[DATA SECTION]

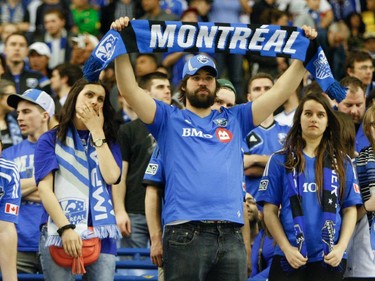 Fans  of the Montreal Impact show their disappointment at the end of the final game of CONCACAF Champions League final between Montreal Impact and Club America from Mexico City in Montreal at the Olympic Stadium, Wednesday, April 29, 2015. Club America won the series.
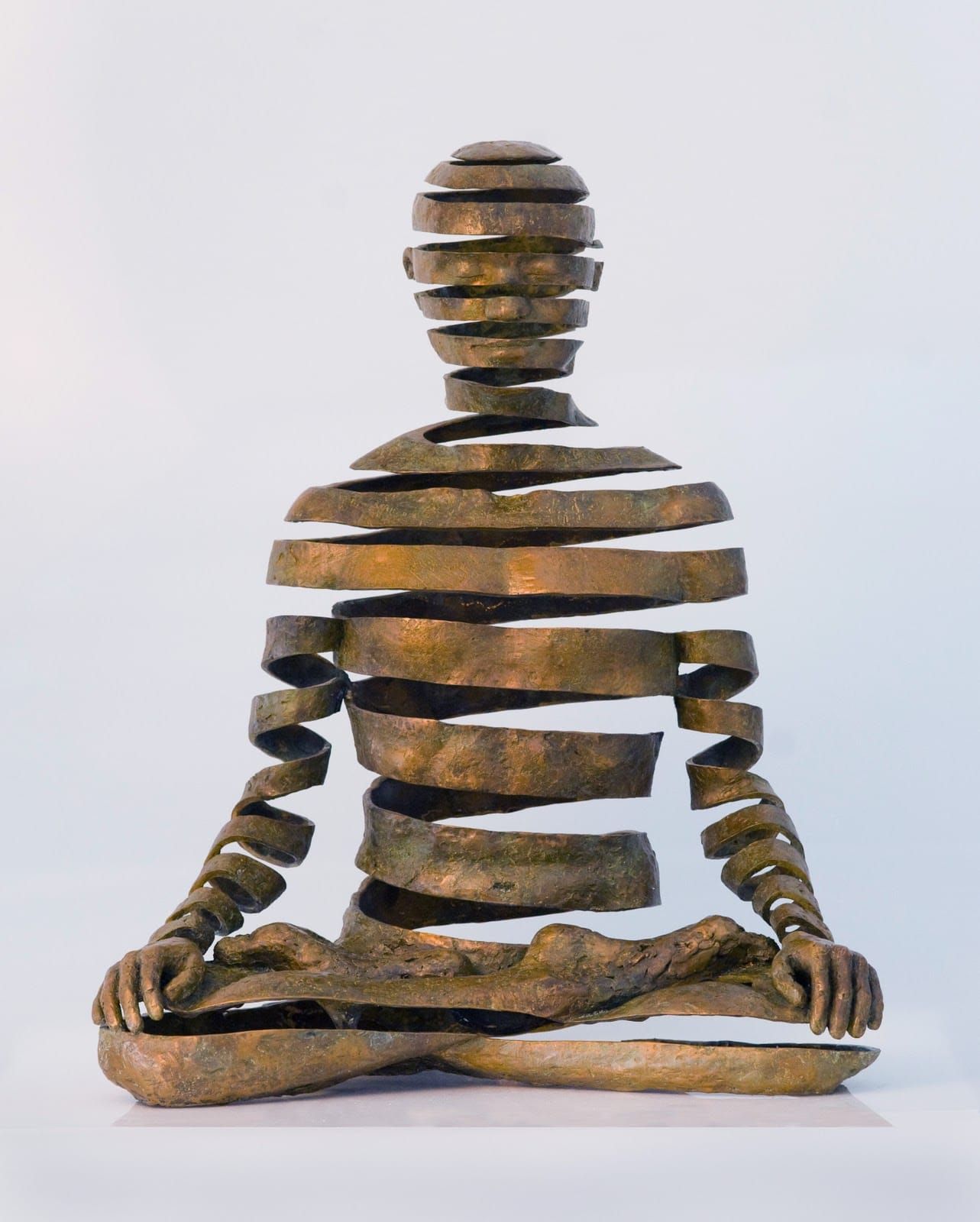 Bronze sculpture of a seated meditating figure made of separated horizontal bands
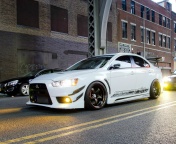 Das Street racing with Mitsubishi Lancer Evo X Wallpaper 176x144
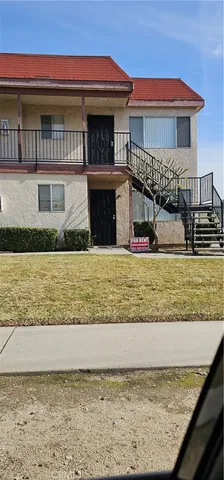 a view of a house with a terrace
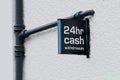 24 hour cash withdrawals sign on wall above ATM machine Royalty Free Stock Photo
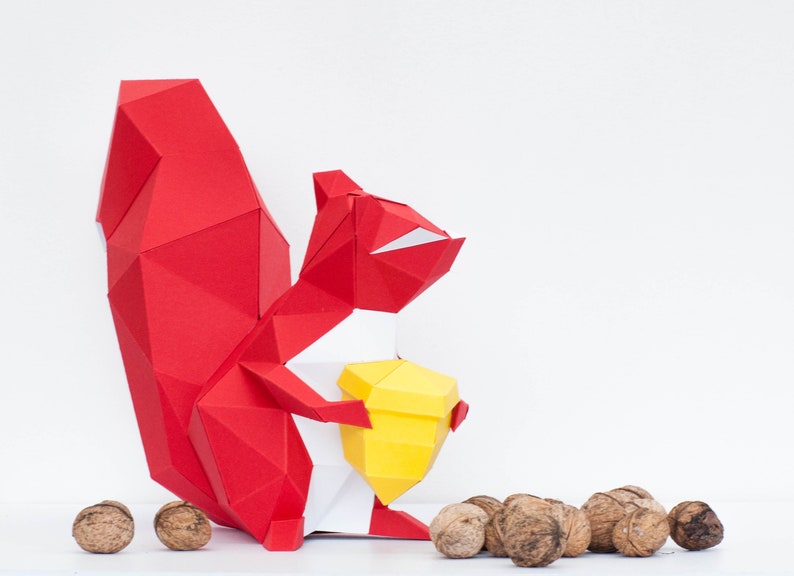 May include: A red origami squirrel holding a yellow origami nut. The squirrel is standing on a white surface with several brown walnuts scattered around it.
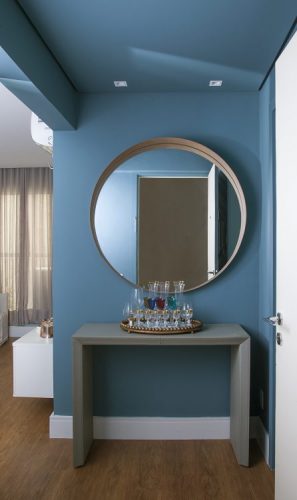 Apartamento de 40 m² com soluções para sua pequena metragem. Hall de entrada com as paredes pintadas de azul e espelho redondo em cima da aparador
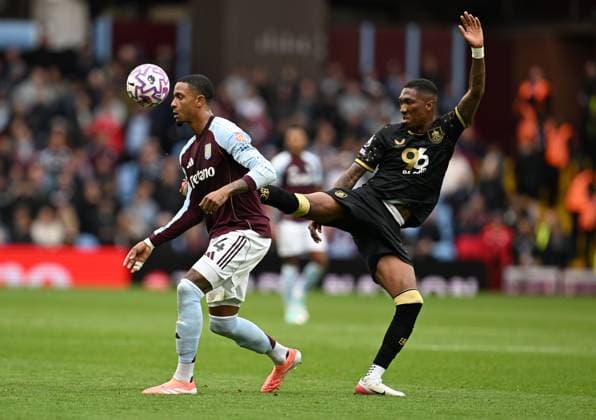 Ezri Konsa of Aston Villa and Jaidon Anthony of Burnley Aston Villa v Burnley, Premier League, Football, Villa Park, Birmingham, UK - 05 Oct 2025Birmingham Villa Park United Kingdom EDITORIAL USE ONLY No use with unauthorised audio, video, data, fixture lists, club league logos or live services. Online in-match use limited to 120 images, no video emulation. No use in betting, games or single club league player publications. Copyright: xAnnaxGowthorpe Shutterstockx 15515860w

[/DATA SECTION]

▸ EXERCISE PROMPT
All entries are to be retyped exactly. Omit any embedded images.

▸ RESPONSE TO THIS TASK
 Fans  of the Montreal Impact show their disappointment at the end of the final game of CONCACAF Champions League final between Montreal Impact and Club America from Mexico City in Montreal at the Olympic Stadium, Wednesday, April 29, 2015. Club America won the series.
 Bronze sculpture of a seated meditating figure made of separated horizontal bands
 Das Street racing with Mitsubishi Lancer Evo X Wallpaper 176x144
 a view of a house with a terrace
 24 hour cash withdrawals sign on wall above ATM machine Royalty Free Stock Photo
 May include: A red origami squirrel holding a yellow origami nut. The squirrel is standing on a white surface with several brown walnuts scattered around it.
 Apartamento de 40 m² com soluções para sua pequena metragem. Hall de entrada com as paredes pintadas de azul e espelho redondo em cima da aparador
 Ezri Konsa of Aston Villa and Jaidon Anthony of Burnley Aston Villa v Burnley, Premier League, Football, Villa Park, Birmingham, UK - 05 Oct 2025Birmingham Villa Park United Kingdom EDITORIAL USE ONLY No use with unauthorised audio, video, data, fixture lists, club league logos or live services. Online in-match use limited to 120 images, no video emulation. No use in betting, games or single club league player publications. Copyright: xAnnaxGowthorpe Shutterstockx 15515860w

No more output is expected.